Lebanon

I was born in Beirut, in 1972, of US parents living abroad.  I lived there until 1977, five years that I barely remember.  When I was born, Beirut was still the Paris of the Mediterranean.  My parents still remember it as such.  For me, it's a bit more of a difficult thing to comprehend.

I'm not Lebanese, yet because of where and how I grew up, Mediterranean culture - and in particular specific things about Lebanese culture - are very familiar and even feel like "home" to me.  Not a home I can physically visit, but how chicken soup is often thought of as "home" - for some people.  This familiarity reinforced growing up in a series of Mediterranean as well as Middle Eastern countries while I was young.
Print of "Beyrout" from the turn of the century

As long as I can remember, the Lebanon I was born in is a place that no longer exists.  And Lebanon's history is a complicated maze of contradictory truths that are inexorably linked to a cultural history and collective consiousness that is so complex, unknowable in it's entirety because it contains versions of the story that cannot exist in the same place and time, and so loaded with politics, religion, ethnicity, culture and language that ... that ... - how can I think to know anything about it having never been there since 1977?

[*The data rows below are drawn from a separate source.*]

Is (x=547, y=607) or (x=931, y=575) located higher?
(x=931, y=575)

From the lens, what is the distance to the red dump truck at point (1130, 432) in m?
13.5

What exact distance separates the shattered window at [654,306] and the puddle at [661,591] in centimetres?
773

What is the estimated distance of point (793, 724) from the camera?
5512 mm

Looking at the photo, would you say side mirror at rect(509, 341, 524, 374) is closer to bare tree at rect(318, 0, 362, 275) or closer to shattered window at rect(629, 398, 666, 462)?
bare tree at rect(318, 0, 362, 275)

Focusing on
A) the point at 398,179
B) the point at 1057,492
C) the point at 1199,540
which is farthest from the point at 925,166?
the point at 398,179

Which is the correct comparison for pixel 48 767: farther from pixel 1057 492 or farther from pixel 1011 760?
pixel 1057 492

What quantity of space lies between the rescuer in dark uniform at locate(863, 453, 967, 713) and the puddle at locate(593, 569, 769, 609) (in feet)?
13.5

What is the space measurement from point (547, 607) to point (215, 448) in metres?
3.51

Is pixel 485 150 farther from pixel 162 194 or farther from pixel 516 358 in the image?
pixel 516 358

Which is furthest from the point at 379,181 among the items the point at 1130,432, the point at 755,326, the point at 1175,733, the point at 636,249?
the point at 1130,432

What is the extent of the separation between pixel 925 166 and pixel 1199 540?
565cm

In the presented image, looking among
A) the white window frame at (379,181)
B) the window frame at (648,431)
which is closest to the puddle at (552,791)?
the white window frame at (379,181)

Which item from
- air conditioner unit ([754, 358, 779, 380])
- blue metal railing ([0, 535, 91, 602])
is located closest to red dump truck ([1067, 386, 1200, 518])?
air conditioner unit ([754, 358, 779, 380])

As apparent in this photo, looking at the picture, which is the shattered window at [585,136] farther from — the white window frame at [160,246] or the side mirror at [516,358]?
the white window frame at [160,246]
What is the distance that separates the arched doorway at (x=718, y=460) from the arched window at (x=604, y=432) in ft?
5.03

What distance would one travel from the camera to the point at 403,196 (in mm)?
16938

When I was growing up, Lebanon was just an interesting asterisk on my personal history, a history with enough distractions for the average person I could just gloss over the Lebanon bit.  My personal connection was purely and predictably the food - hummus, tabouleh, shawarma, kibbeh, the cookies and baklava.  Almost every other apsect of Lebanese culture disappeared off my map, replaced by a panalopy of other cultural influences and references.  The choice phrases like "yallah!" and "ensh'allah" stayed in the vocabulary because we stayed in the middle east for much of my youth.

But Lebanon was gone.  When the US Embassy was bombed, I felt a vague tingling, but really, what did that have to do with me?  And honestly, it still has little to do with me.  But in the last decade, I've let my mind wander a bit more, and I've allowed myself before to consider what Lebanon does actually mean to me.  I've even thought about visiting - my parents when back in 2000, and of course where disappointed because all their old haunts were - well, bombed out and replaced with malls.  But since I didn't know _that_ Lebanon, I'm not sure I would care.  I just wanted to get a feel for the people, the vibe, the source....

Source of... what?  Not me.  But something that went into creating me - something that fed my parents.

A story my mother likes to tell is that I learned Arabic before I learned English.  As is common for foreign Western households, particularly at the time, my parents had a semi-board housekeeper.  This housekeeper adopted me almost as her own - not because I was in any way special, but because she was a loving young woman who was planning on a child of her own soon.  She bought me my first prayer rug - my only ever prayer rug - and whether or not I was speaking arabic, and whether or not I knew what I was saying, I was on the mat with her during prayer times.

I don't remember any of this.  I _do_ remember the bullet through the window, smashing the light bulb - and thinking it was neat until I saw the looks on my brother's and father's faces.  And I think that's about it.

I avoided thinking about this topic during the recent war.  But there's a tug - something calling me back.  Maybe not to the place per se, but to closure - or an ongoing relationship?